▶ _WHAT YOU NEED TO DO_
When you reproduce these records, keep every word exactly and drop the images.
** SUPPLIED ENTRIES follows **
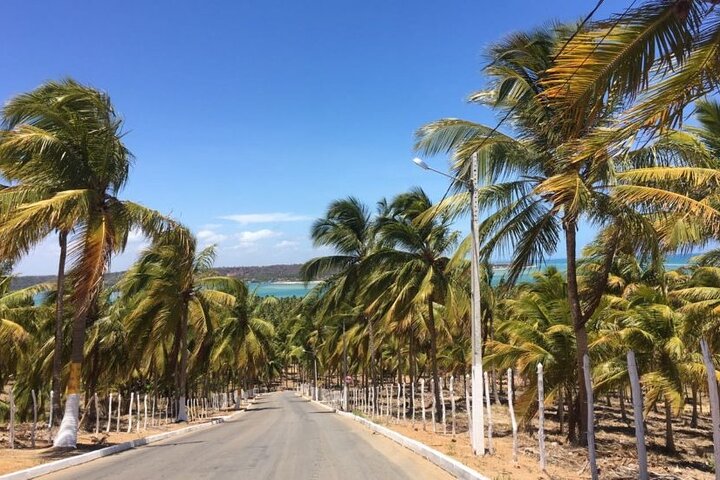 South Coast (French or Barra de São Miguel and Gunga)(GTE tours)
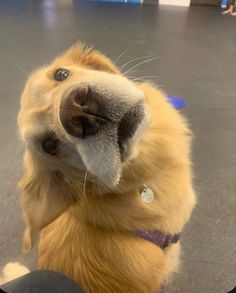 a close up of a dog with its mouth open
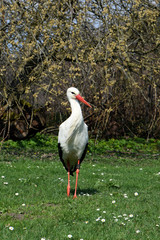 Beautiful White Stork on the meadow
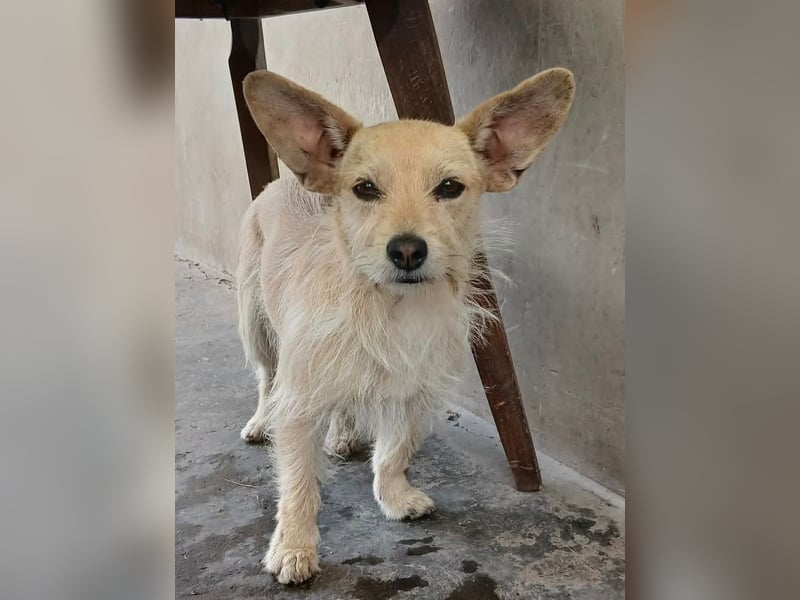 Füles, liebes Terrier Mix Mädchen geb. 05/2021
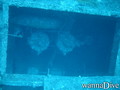 scuba diving photo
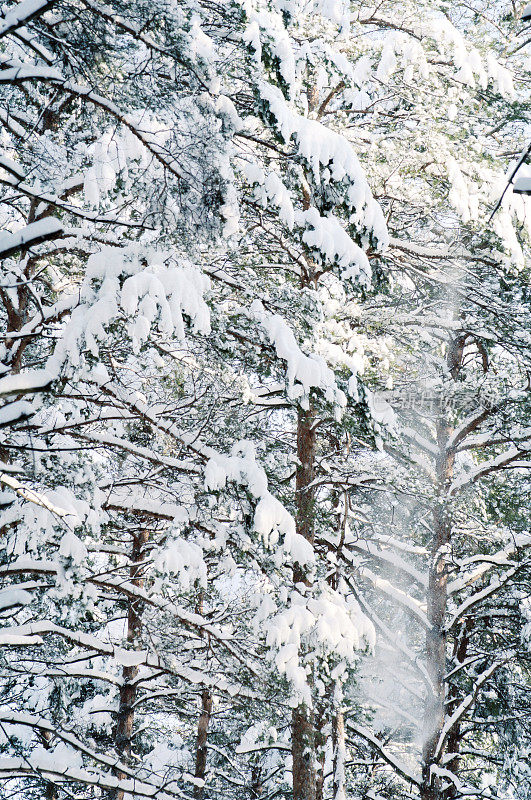 冬天的松林里有暴风雪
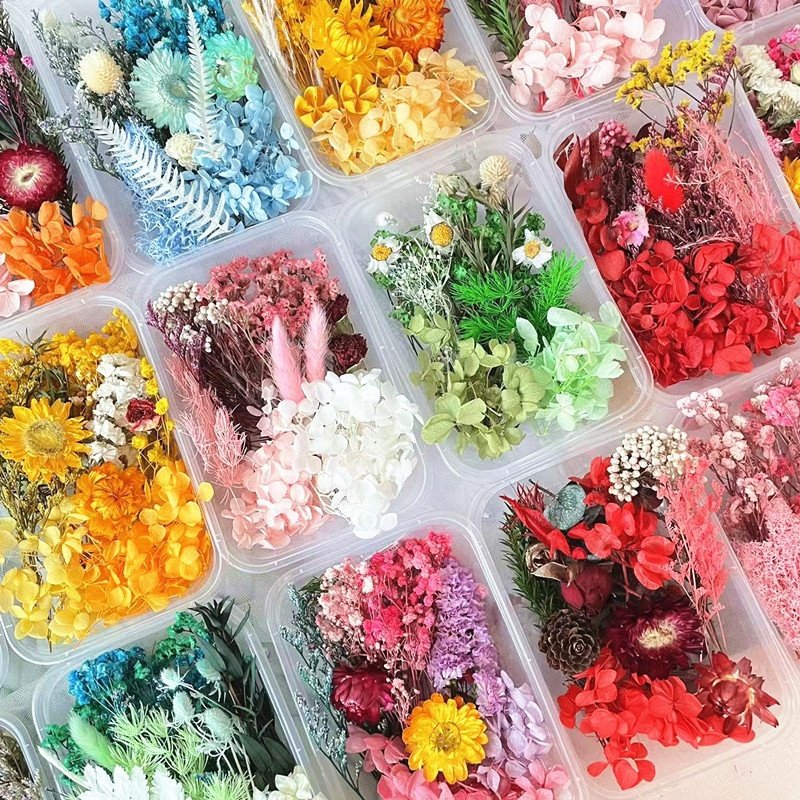 Handmade refined materials dried flower package hydrangea preserved flower for garland dried flower decoration candles decor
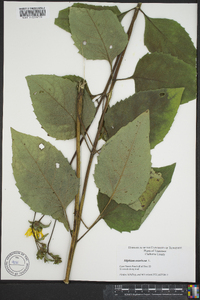 Silphium asteriscus image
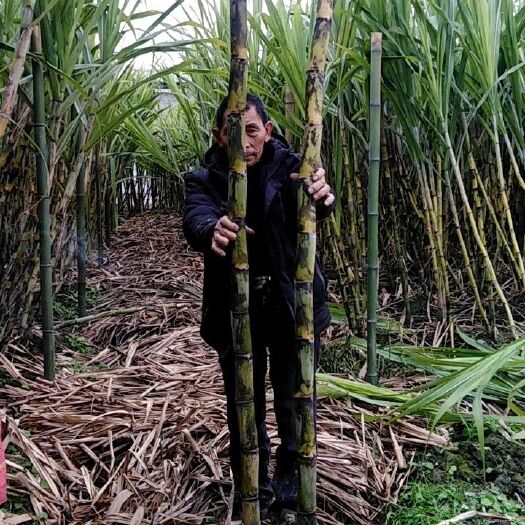 江油市甘蔗种子 出售甘蔗种。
** End of SUPPLIED ENTRIES **
▶ _SOLUTION FOR THIS EXERCISE_
 South Coast (French or Barra de São Miguel and Gunga)(GTE tours)
 a close up of a dog with its mouth open
 Beautiful White Stork on the meadow
 Füles, liebes Terrier Mix Mädchen geb. 05/2021
 scuba diving photo
 冬天的松林里有暴风雪
 Handmade refined materials dried flower package hydrangea preserved flower for garland dried flower decoration candles decor
 Silphium asteriscus image
 江油市甘蔗种子 出售甘蔗种。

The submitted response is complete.